Every train seems to have a shorter consist.
The Empire Builder typically had 2 Seattle sleepers most of the year and always had 2 Seattle coaches. Now it is back to 1 Seattle sleeper after having a second over the summer, and never got its second Seattle coach after going back to daily. The Starlight was pretty close to a normal consist. The off season Starlight was usually a baggage, transdorm, two sleepers, diner, business class coach, Sightseer, two coaches. The peak season consists (summer and holidays) usually had a third sleeper and third coach.
There are a couple of theories that have been bandied about, but nobody really knows. Basically those theories are based either on Amtrak's management being merely incompetent or Amtrak management being hostile to long distance services, but unable to be as overt as they had been under Anderson due to the current attitude of Congress.

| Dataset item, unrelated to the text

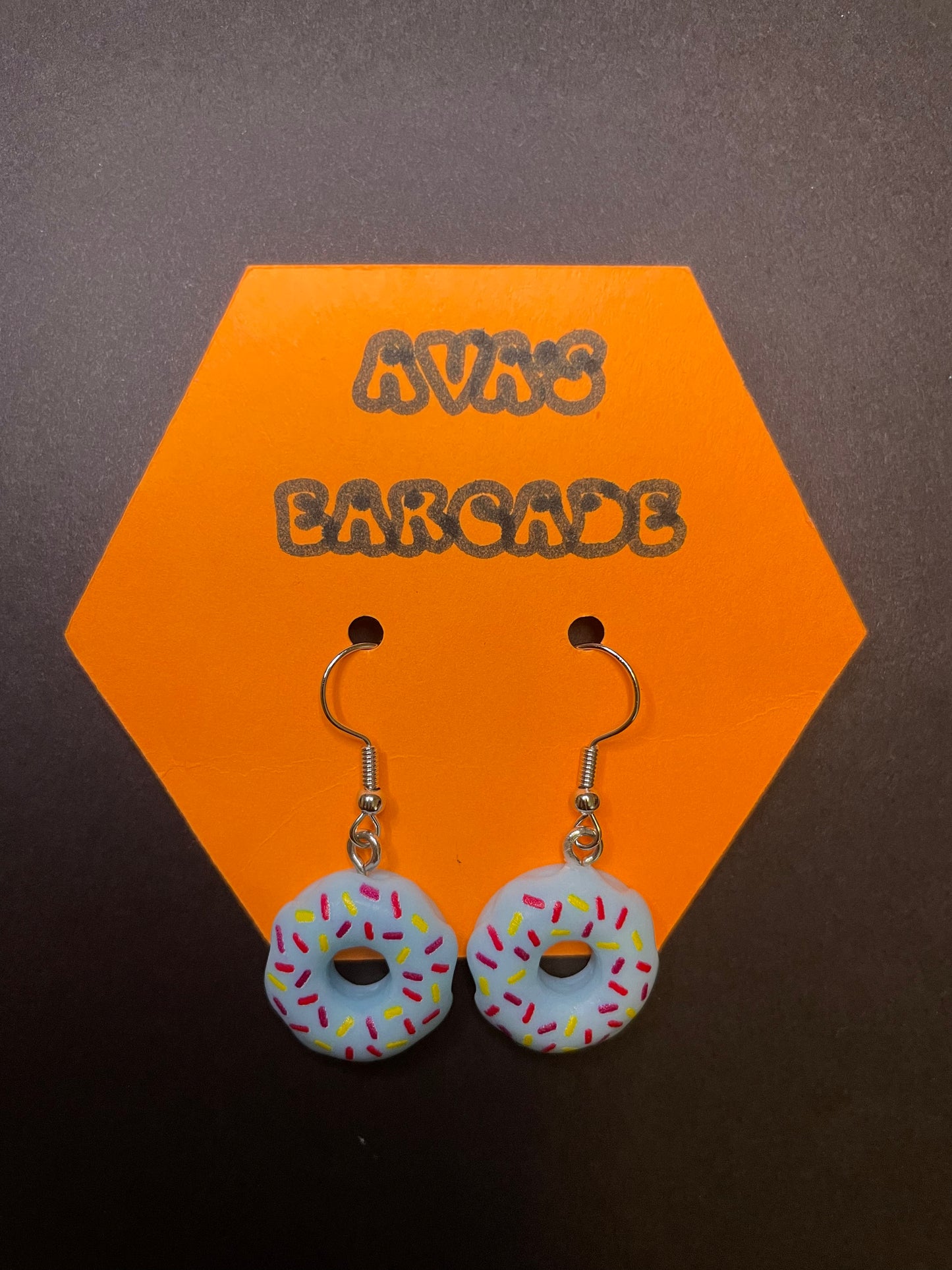 Sugar Spin Kid Earrings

The OBS labor shortage I think most people acknowledge to be genuine and not entirely the fault of management, aside from letting the food service people go, because "Flex Dining" was going to be a big hit, and maintaining a crummy workplace culture that people may not have wanted to return to. People that were furloughed from Amtrak during the service cutbacks just got other jobs and aren't coming back. But the food service people weren't just furloughed back east, their positions were abolished.
Amtrak's incompetence: Equipment shortage due to not maintaining it or inspecting it during the triweekly period. Now they have a backlog of maintenance and just don't have the fleet to run full consists. The fleet was always just barely adequate to meet the schedules anyway, when routine inspections and maintenance were factored in, with little in the way of protection equipment.
Amtrak hostility to long distance services: While the maintenance backlog may well be real, Amtrak wants to depress ridership numbers so they can show justification for discontinuing long distance services when they get a more amenable Congress. The continued presence of Gardner, now COO, who has always been hostile to long distance services, is viewed as an indicator, despite Flynn's better PR skills than Anderson. Suspicion is they are executing a Ben Biaggini strategy of deliberating suppressing patronage to better support discontinuation of services they don't want to provide.
Personally, I believe it is a little of both. Amtrak's management has proven itself spectacularly incompetent in a number of areas, some not relating to railroad operations at all, such as their woeful IT operation. I do believe there remains quite a bit of hostility to long distance services in their C Suite and upper management levels, so they are not going out of their way to get the equipment back in service and get operations ramped up. Finally, there is the long standing attitude of Amtrak management generally where cost containment is the ultimate goal and they are largely blind to revenue enhancement opportunities and even blind to lost revenue as long as costs are cut. My own, very personal and not particularly well grounded, take is the current situation is maybe due to about 70% incompetence and 30% malevolence.